### Your instructions
Without including any pictures, return the records below exactly as written.

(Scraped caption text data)
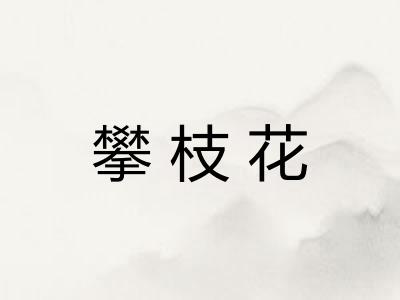 攀枝花 攀枝花
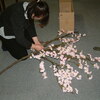 桜の飾りつけ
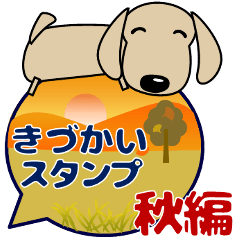 kind-hearted dachshunds(dog) autumn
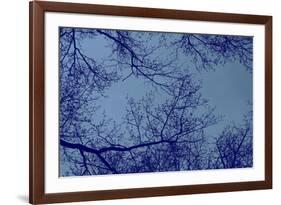 Blue Tinted Trees and Sky-null-Framed Photo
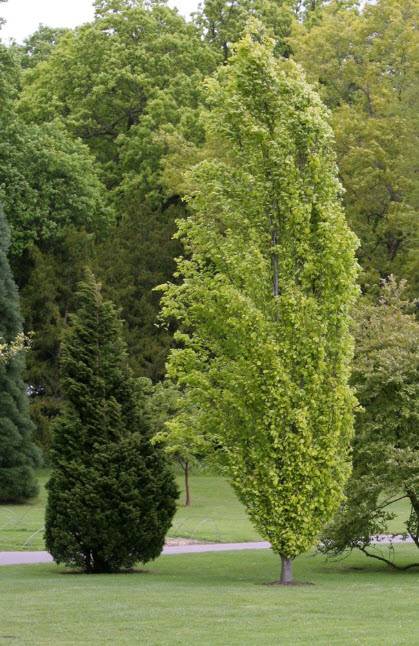 philodendron florida ghost hybrid Philodendron 'Florida Ghost' Large main image 1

### Exercise response
 攀枝花 攀枝花
 桜の飾りつけ
 kind-hearted dachshunds(dog) autumn
 Blue Tinted Trees and Sky-null-Framed Photo
 philodendron florida ghost hybrid Philodendron 'Florida Ghost' Large main image 1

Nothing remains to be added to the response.